### WORK ORDER
Every line below is to be set down again exactly; any image stays out.

### STORED DATA
-*-

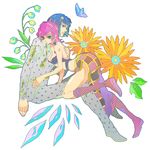  1girl bare_shoulders blue_eyes blue_hair boots breasts bruno_buccellati bug butterfly choker cleavage couple flower green_eyes green_lipstick hair_ornament hairclip hetero hunazusi insect jojo_no_kimyou_na_bouken lipstick makeup medium_breasts messy_hair pink_hair plant skirt trish_una vento_aureo zipper 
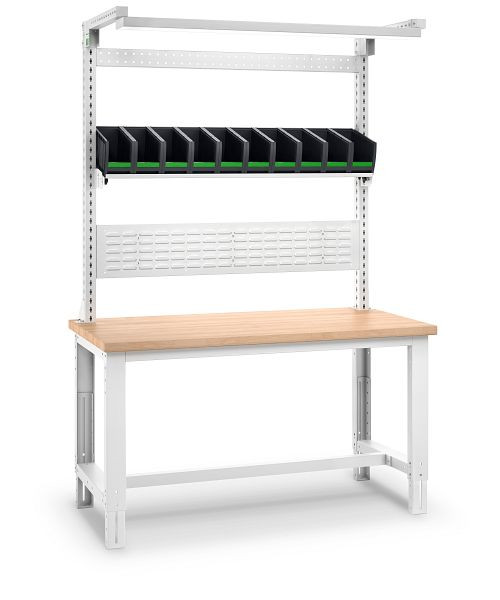 bott cubio Aufnahmerahmenset A8 mit Leuchte Lochplatte, Ablage, 13 bottBoxen BxTxH: 1800 x 645 x 1357 mm, RAL 7035, 41011138.16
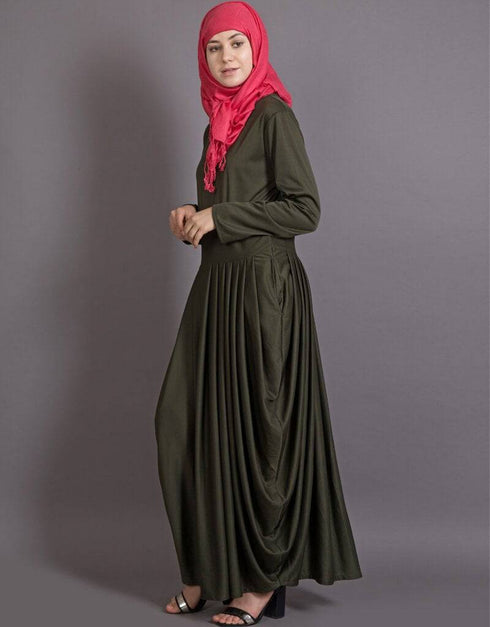 Trendy Pleating at Waist Stretchable Knits Travel Abaya Green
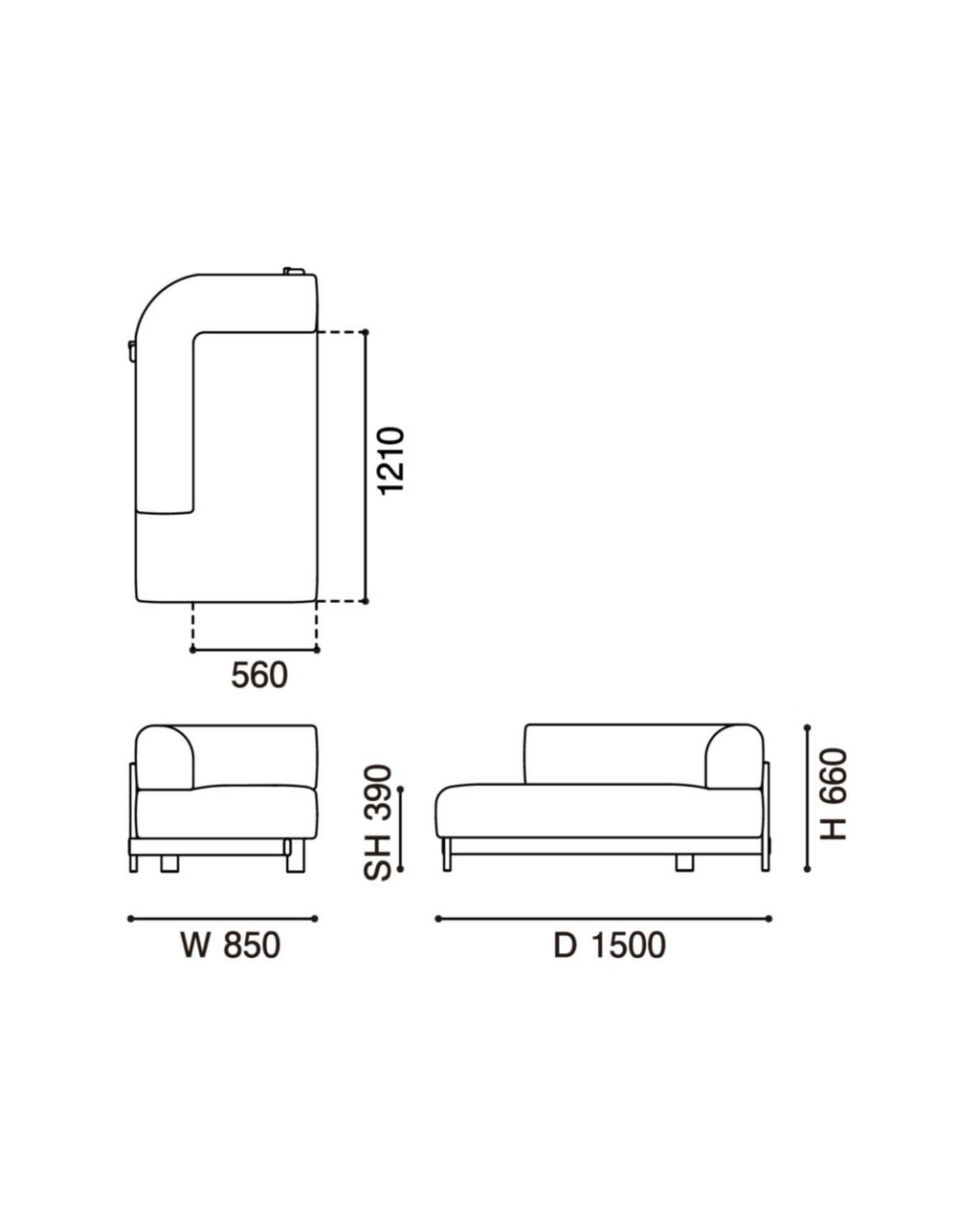 Karimoku New Standard Elephant Sofa Chaise Longue L โซฟาเชสลองเบาะบุผ้าฐานไม้เกาลัด ออกแบบโดย Christian Haas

-*-

### ANSWER FOR THIS EXERCISE
  1girl bare_shoulders blue_eyes blue_hair boots breasts bruno_buccellati bug butterfly choker cleavage couple flower green_eyes green_lipstick hair_ornament hairclip hetero hunazusi insect jojo_no_kimyou_na_bouken lipstick makeup medium_breasts messy_hair pink_hair plant skirt trish_una vento_aureo zipper 
 bott cubio Aufnahmerahmenset A8 mit Leuchte Lochplatte, Ablage, 13 bottBoxen BxTxH: 1800 x 645 x 1357 mm, RAL 7035, 41011138.16
 Trendy Pleating at Waist Stretchable Knits Travel Abaya Green
 Karimoku New Standard Elephant Sofa Chaise Longue L โซฟาเชสลองเบาะบุผ้าฐานไม้เกาลัด ออกแบบโดย Christian Haas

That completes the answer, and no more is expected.